But less than a month ago, an angiogram revealed a damaged heart valve and a severe coronary artery blockage. A stent was inserted, but doctors determined the damage was already too severe for further treatment.
When Carmel went to Grier’s home Thursday, the ailing Grier reached out with a Masonic handshake and insisted on standing up.
“When I stopped to visit as his health was rapidly failing four days before his death, he took my hand with the grip of a Master Mason and gave me a huge smile, then, despite his illness, rose to say goodbye to me and the master-elect of Occident Lodge, Ron Robbins of Klipsan,” Carmel said. “He also whispered to me about Ron, ‘That’s the fellow who has done so many great things for the lodge!’”

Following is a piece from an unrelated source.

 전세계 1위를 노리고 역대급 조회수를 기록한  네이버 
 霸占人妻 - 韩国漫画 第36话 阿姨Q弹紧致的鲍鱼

Robbins was installed as master of the lodge Saturday. Through the beautiful symmetry of small-town connections, that afternoon’s substitute chaplain — offering a special prayer for Grier — was Wiegardt, who served as the lodge’s master in 1962, two years after his friend.
When asked for a tribute to his contemporary, the 85-year-old Wiegardt did not hesitate. “I think the word ‘gentleman’ is a good one,” he said, then added. “A kind gentleman.”
Granddaughter Green echoed that view. “He was the kindest and most sincere man you could meet,” she said. “Anyone who met him would fall in love with him and his wonderful spirit.”